Running Jobs
Slurm is the utility used for batch processing support, so all jobs must be run through it. This section provides information for getting started with job execution at the Cluster.
General considerations for MEEP FPGA cluster
Due to the particularities of this cluster, there are some considerations to have in mind when trying to allocate their resources. This section will briefly cover them, with further details in the following sections.
- Each FPGA node has 8 FPGAs, you are required to allocate all of them when requesting a node. You cannot allocate less than a full node due to the underlying infrastructure particularities of the FPGA setup.

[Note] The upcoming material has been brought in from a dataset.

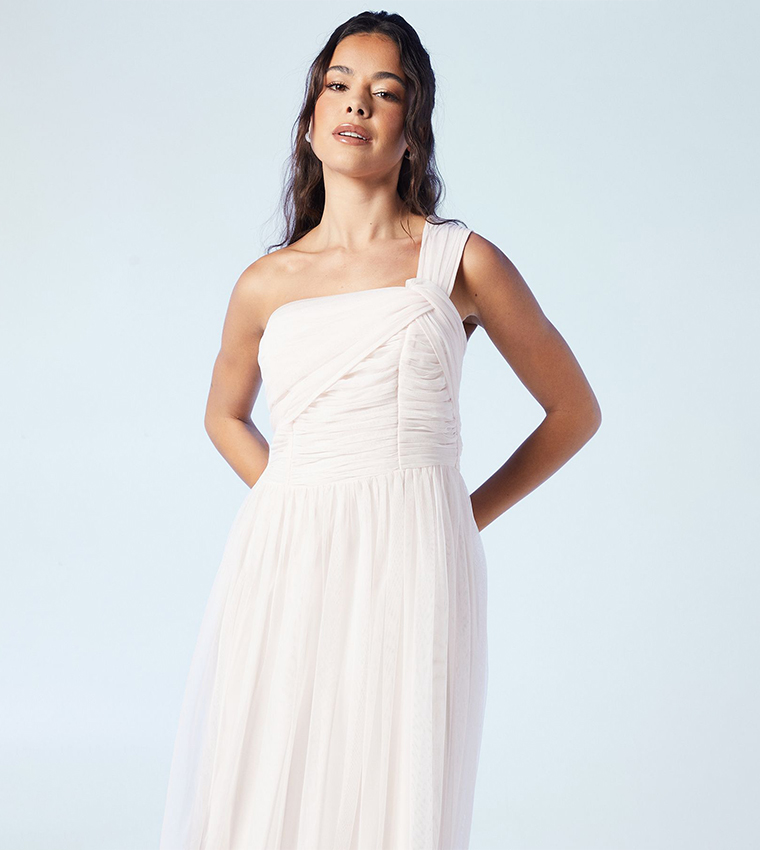 One Shoulder Mesh Bridesmaids Midi Dress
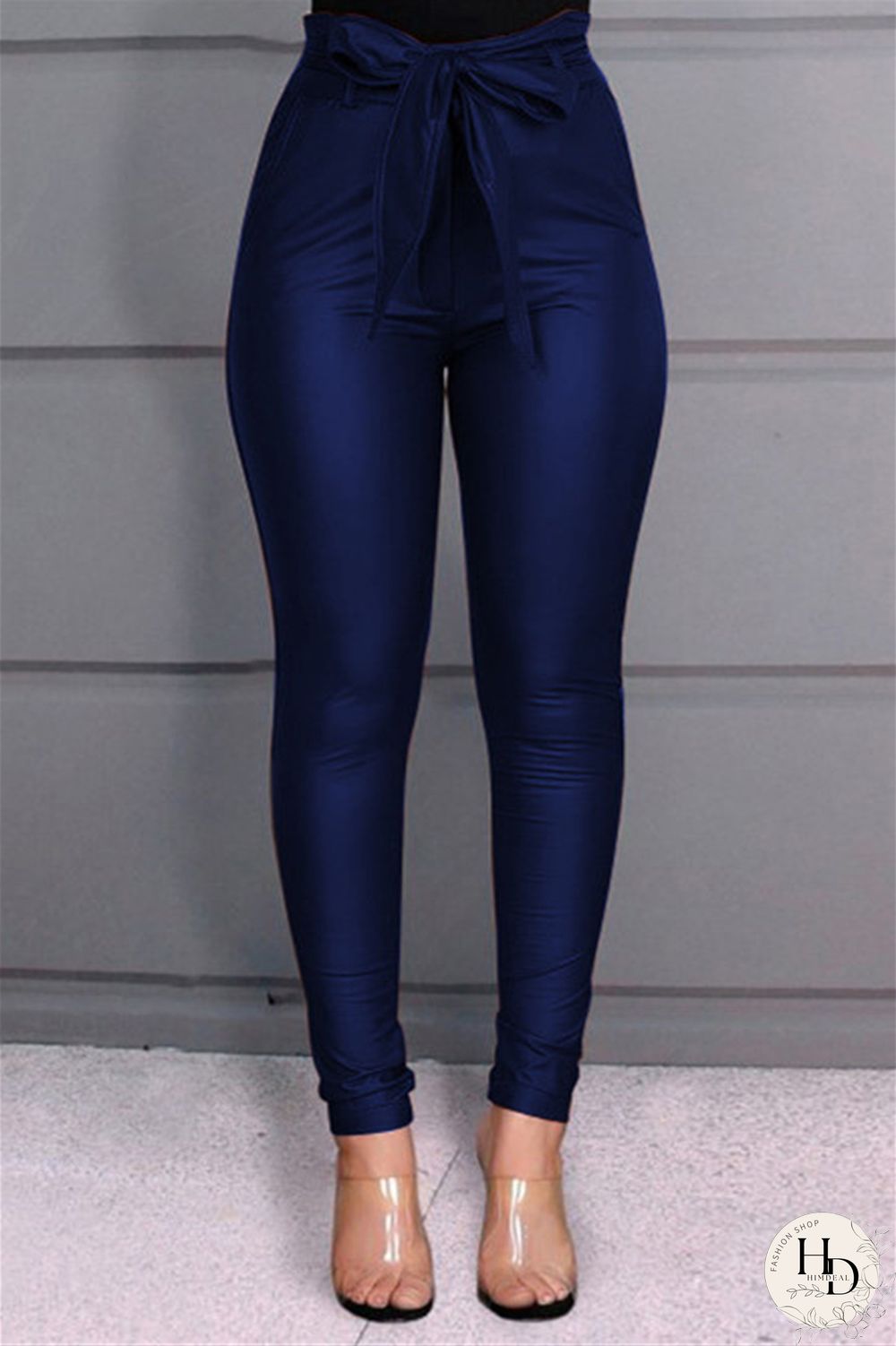 Black Fashion Casual Solid Basic Skinny High Waist Pencil Trousers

- If you want to allocate FPGA nodes, the mandatory mechanism for it is the "--constraint=[dmaqdma , dmaxdma , dmanone]" Slurm option, instead of the usual "--gres" option of GPU clusters. Please check the job directives section for more information.

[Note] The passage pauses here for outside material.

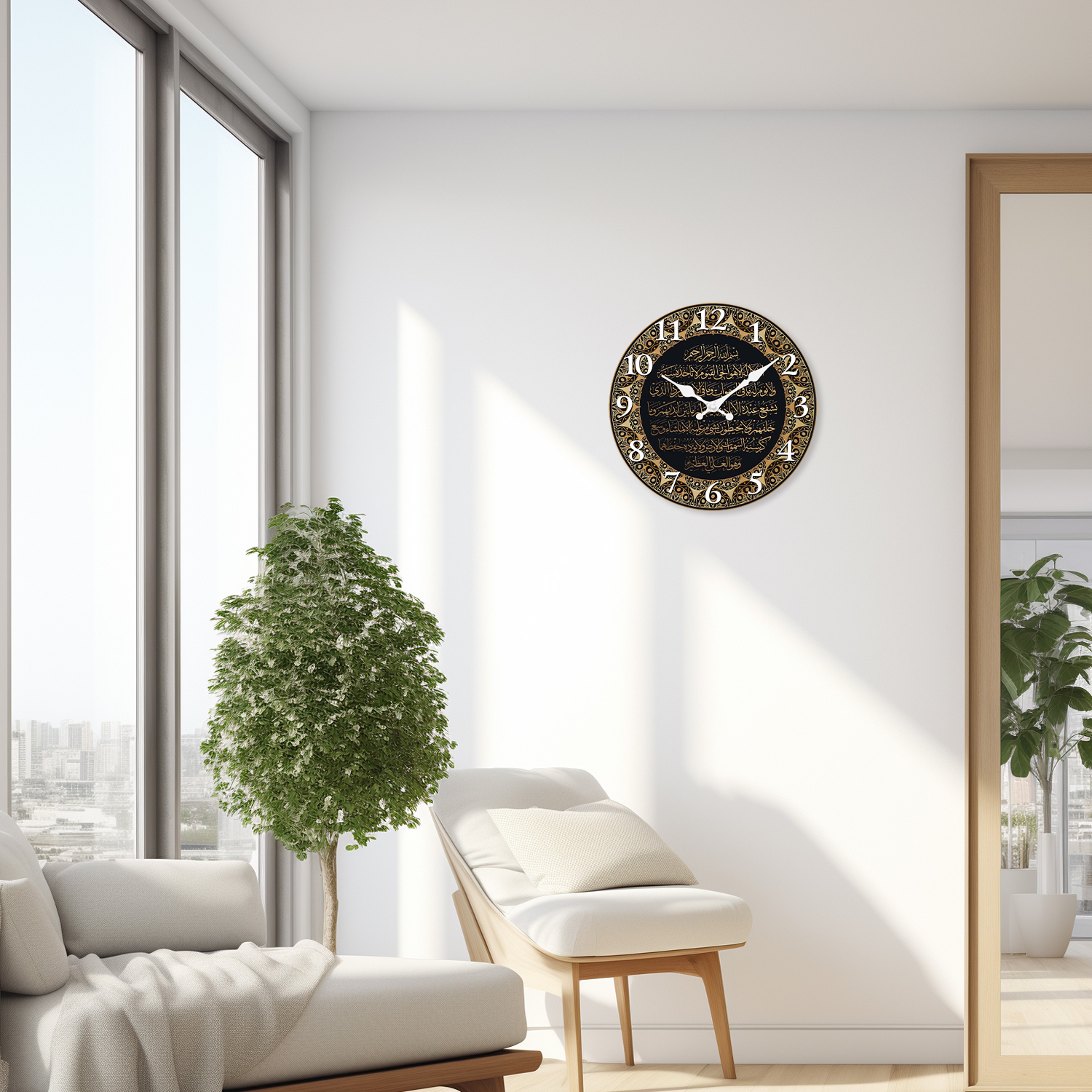 Retro Art Islamic Calligraphy Wooden Wall Clock Silent Quartz Clock Living Room Bedroom Kitchen Hom 4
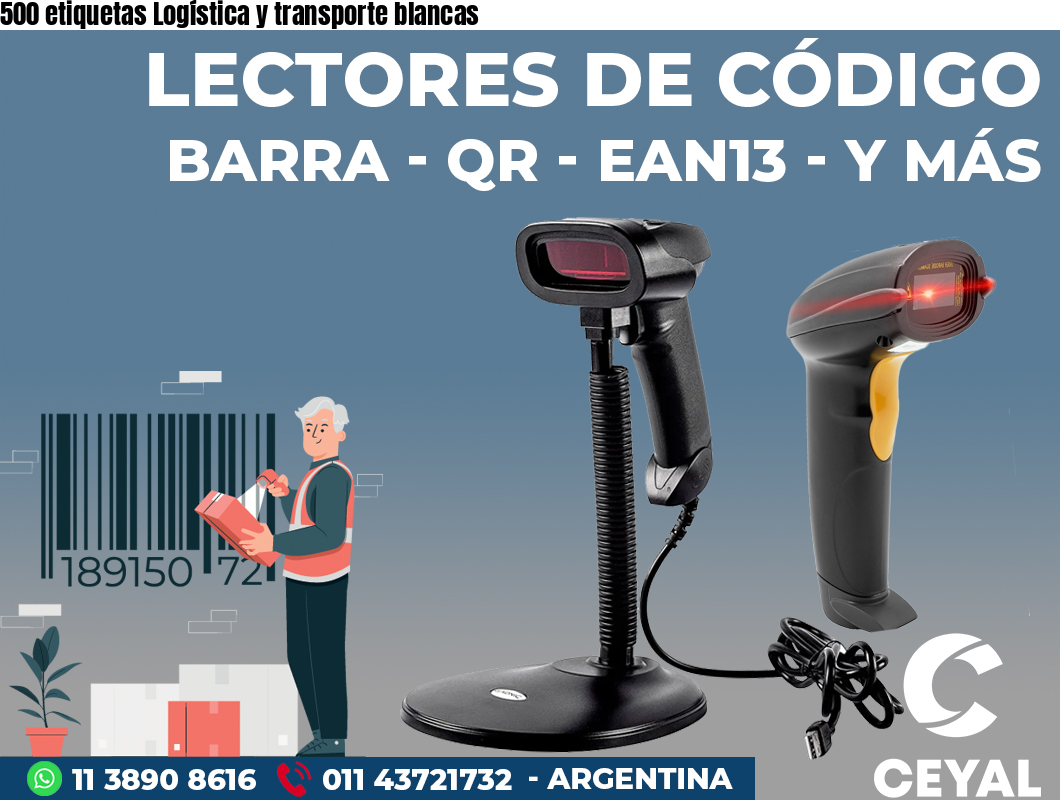 500 etiquetas Logística y transporte blancas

- If you want to allocate general purpose compute nodes, you are required to specify the "--partition=gpp" Slurm option. Please check the job directives section for more information.
Interactive Sessions
Allocation of an interactive session has to be done through SLURM:
- Interactive session on a general purpose node for 10 minutes, 1 task, 40 CPUs (cores) per task:
salloc -t 00:10:00 -n 1 -c 40 --partition=gpp [ -J {job_name} ]
- Interactive session on a FPGA node for 10 minutes, 1 node and using the dmaxdma constraint:
salloc -t 00:10:00 -N 1 --constraint=dmaxdma [ -J {job_name} ]

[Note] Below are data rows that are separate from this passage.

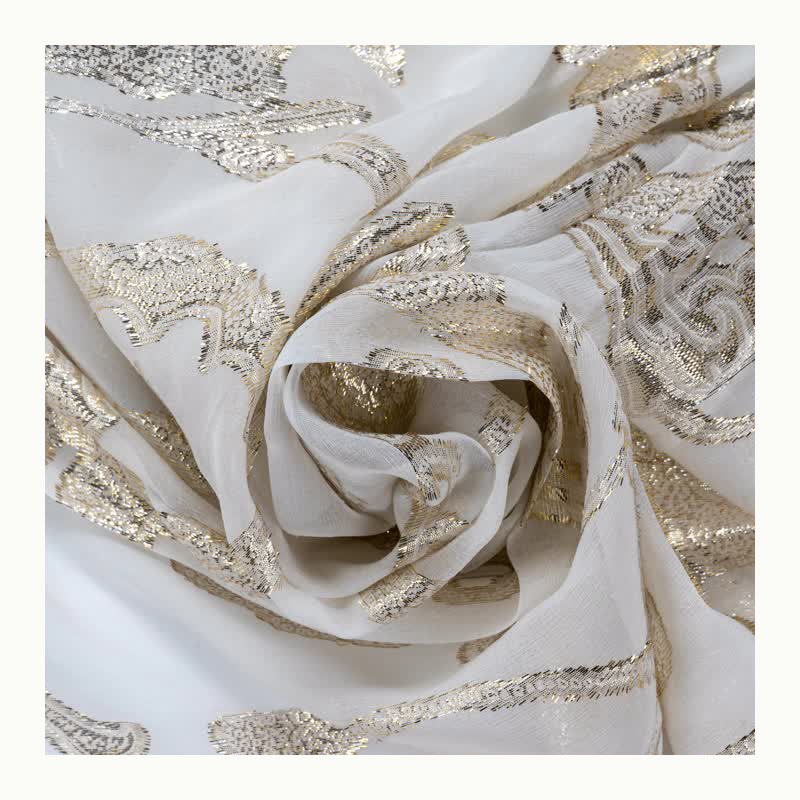 Gold thread embroidery 82%silk 18%leather 180703 silk leather floral metallic lurex fabric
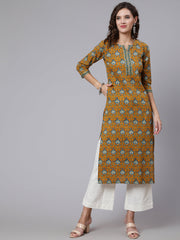 Women Yellow Printed straight kurta with three quarter sleeves
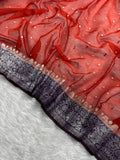 Rust Orange & Dark Wine Pure Khaddi Chiffon Silk Banarasi Saree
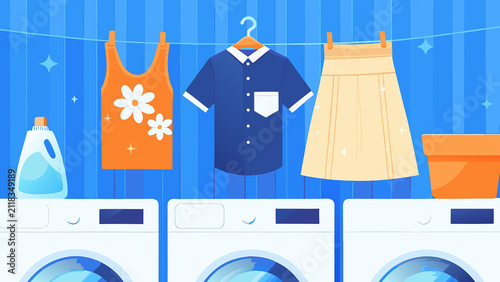 Laundry Service with Washing Machine and Hanging Clothes Flat Vector Illustration
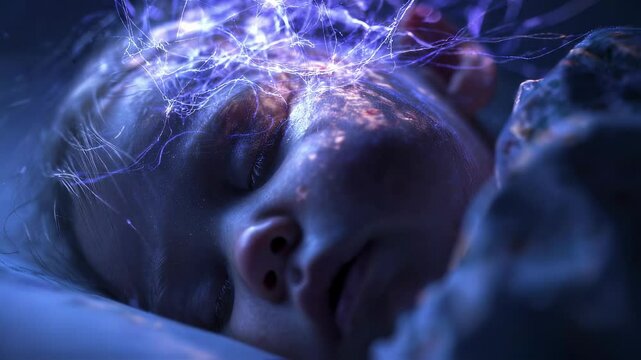 Brain activity visualization of a sleeping toddler with glowing neural connections, illustrating the concept of dreams, rem sleep, and childhood development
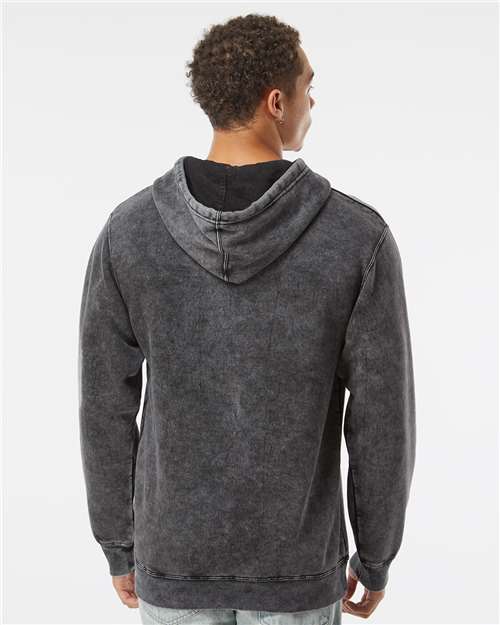 Black Midweight Mineral Wash Hooded Sweatshirt - PRM4500MW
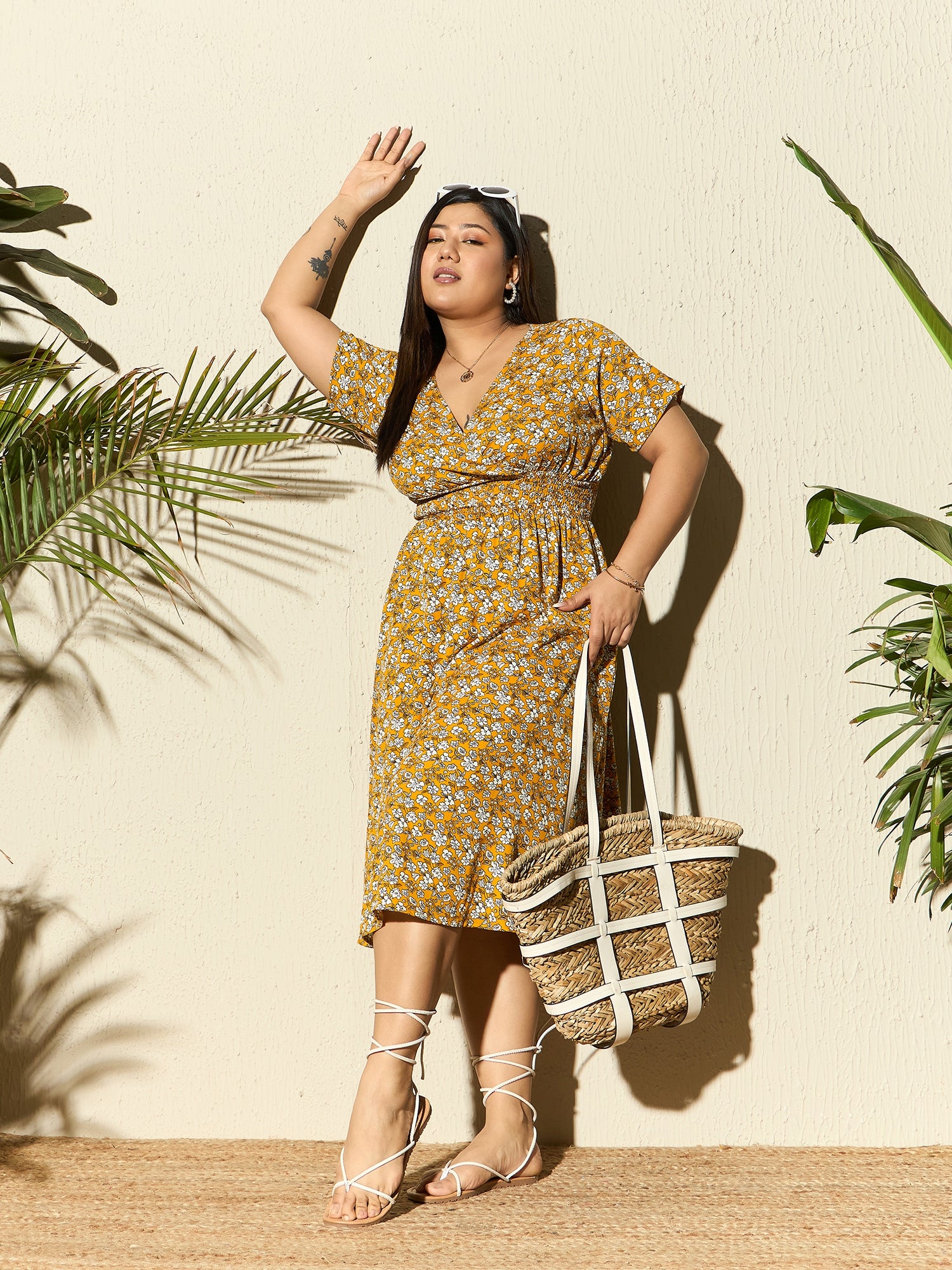 Women Mustard Yellow White Floral Printed V-Neck Short Sleeves Wrap Smocked Fit Flare Midi Dress Berrylush Curve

Also, X11 forwarding can be enabled in interactive session by adding the "--x11" flag:
salloc <slurm_options> --x11
Submitting jobs
The method for submitting jobs is to use the SLURM sbatch directives directly.
A job is the execution unit for SLURM. A job is defined by a text file containing a set of directives describing the job's requirements, and the commands to execute.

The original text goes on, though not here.